* PROBLEM DETAILS *
All of the records below must be reproduced exactly, minus any pictures.

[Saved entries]
-- Opening Marker --

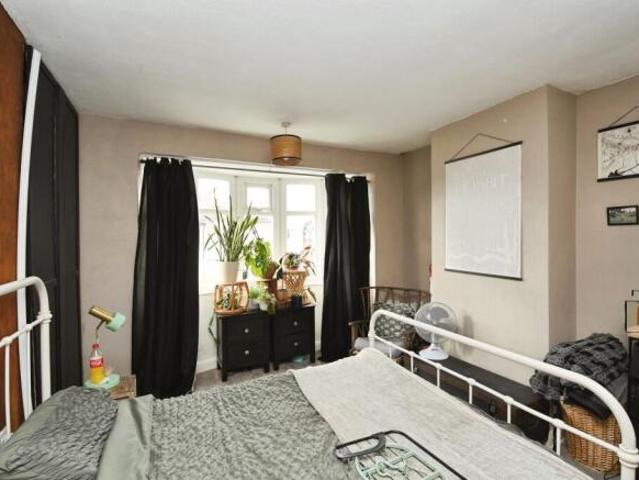 Farm for sale in Brayford, Lincolnshire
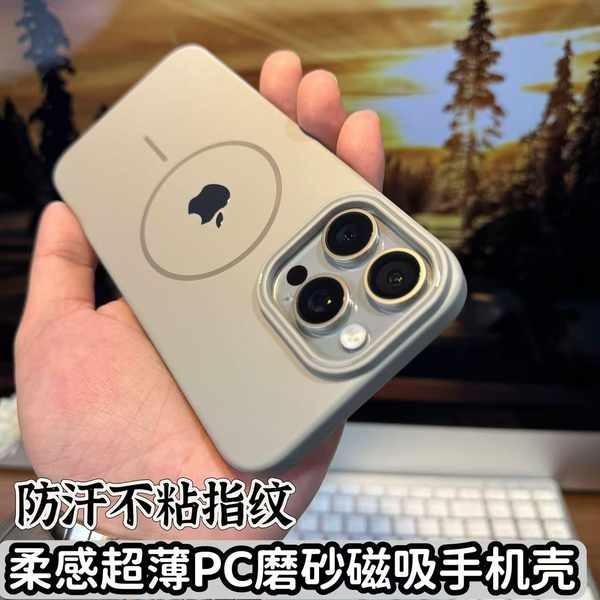 iphone 1 บาท iphone x เคสป้องกันการตกหล่นสำหรับ IPhone 15pro IPhone 14 16ProMax แบบใหม่11ที่นิยมในโล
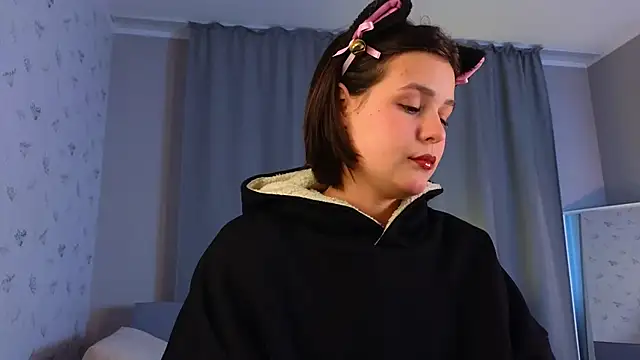 EthalGold online show from 09-11-25, 03:06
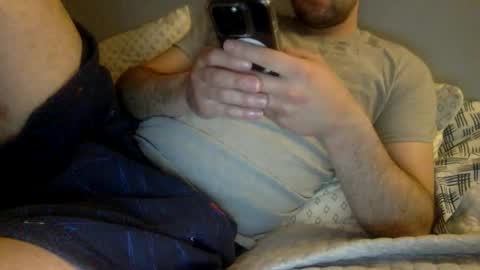 baretwinky online show from 03.03.26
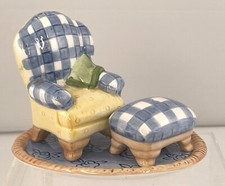 Harvest house plaid for sale  Westminster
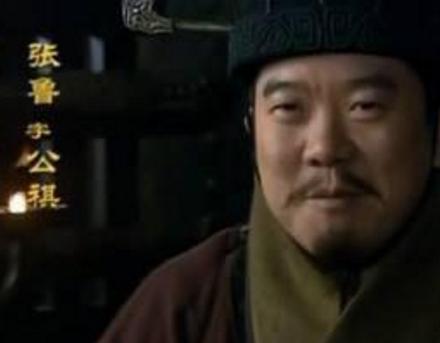 马超不忠不孝是真的假的 事实究竟是什么样的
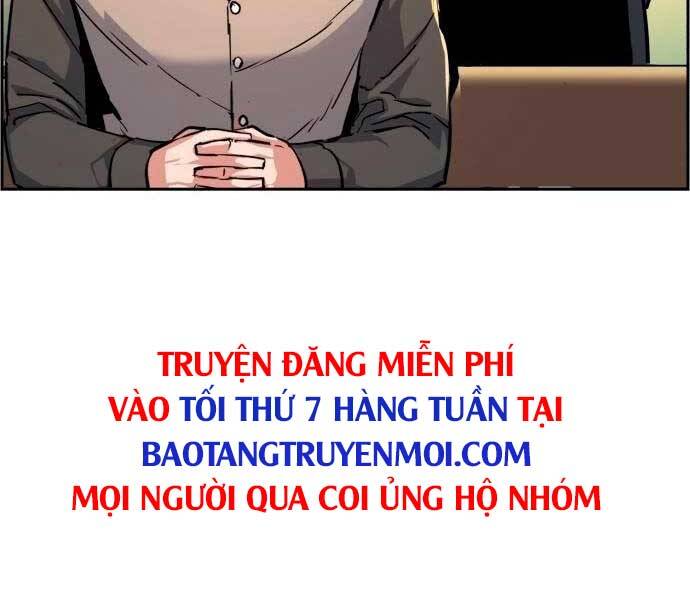 Bạn Học Của Tôi Là Lính Đánh Thuê Chap 96 - Next Chap 97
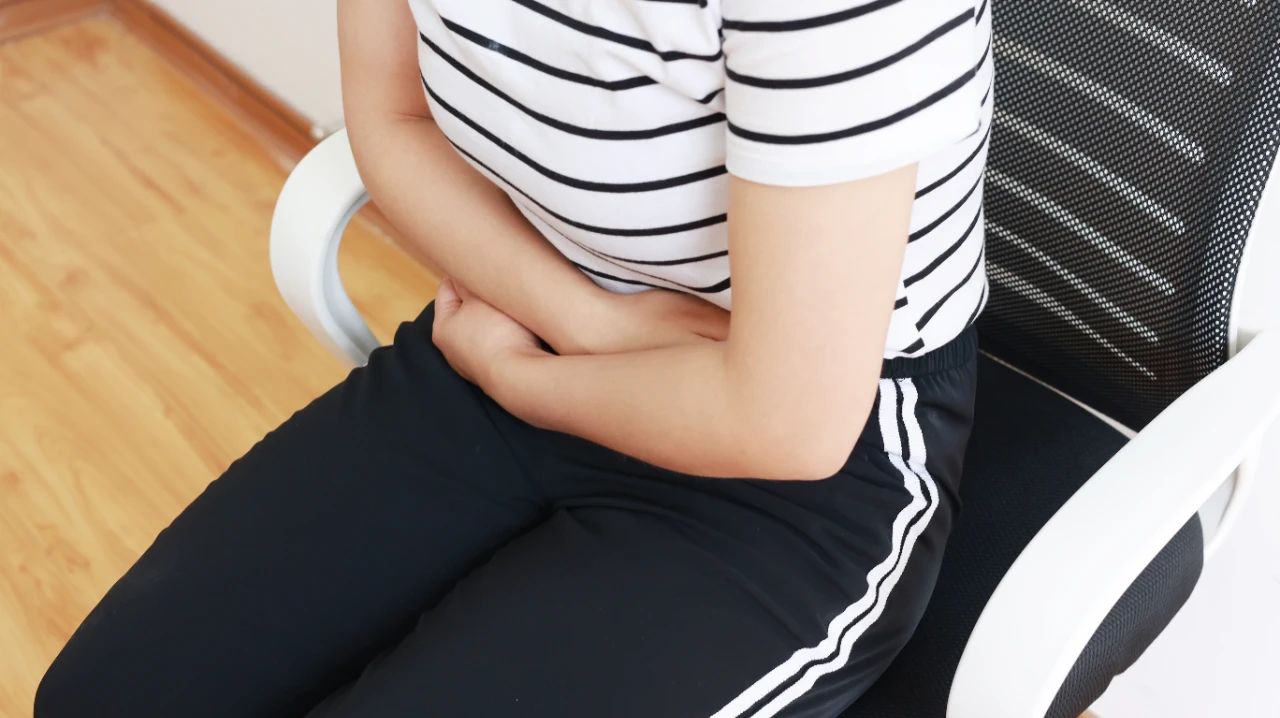 妇科炎症的影响有哪些,妇科炎症要注意哪些方面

-- Closing Marker --

* YOUR SOLUTION *
 Farm for sale in Brayford, Lincolnshire
 iphone 1 บาท iphone x เคสป้องกันการตกหล่นสำหรับ IPhone 15pro IPhone 14 16ProMax แบบใหม่11ที่นิยมในโล
 EthalGold online show from 09-11-25, 03:06
 baretwinky online show from 03.03.26
 Harvest house plaid for sale  Westminster
 马超不忠不孝是真的假的 事实究竟是什么样的
 Bạn Học Của Tôi Là Lính Đánh Thuê Chap 96 - Next Chap 97
 妇科炎症的影响有哪些,妇科炎症要注意哪些方面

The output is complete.